Swedish church to allow gay marriages
UPPSALA, Sweden (Reuters) - Sweden's Lutheran church decided on Thursday to conduct gay weddings in the Nordic country from next month.
"We are the first major church to do this," said Kristina Grenholm, the church's director of theology. The decision came after the Swedish parliament earlier this year passed legislation allowing homosexuals to legally marry, changing a previous law permitting legal unions but not formal marriage.
"For my part, the right decision was taken, but I can empathise with the many who believe this has gone too fast," Archbishop of Sweden Anders Wejryd told a news conference.

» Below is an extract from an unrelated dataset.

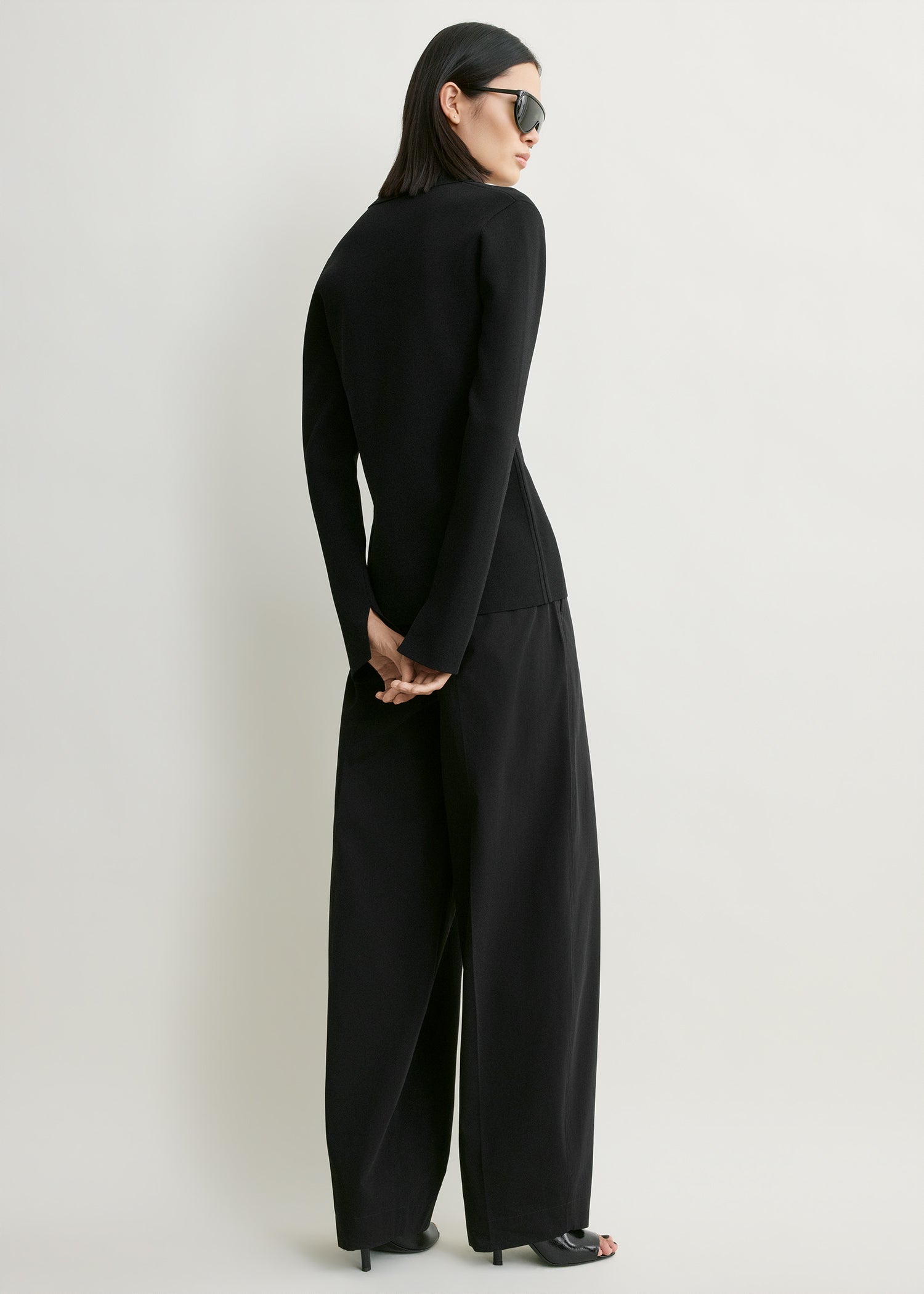 Compact knit buttoned top black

The church said in a statement it would begin wedding same-sex couples on Nov. 1.
Sweden's Lutheran church, which split from the state in 2000 but remains the country's largest religious community, had previously said it was open to registering same-sex unions but wanted to reserve the term matrimony for heterosexual marriages.
The new legislation, which came into force on May 1, eliminated legal distinctions between heterosexual and homosexual spouses, but does not force dissenting clergy to wed gay couples.
A church official said individual priests would still not be required to perform gay marriages. However, local churches would have to ensure that they could wed same-sex couples, if necessary bringing in an outside priest to perform the ceremony.
Some within the church have opposed introducing gay marriage, saying it contravenes scripture. Half of Swedish couples get married in church, though regular church attendance is very low.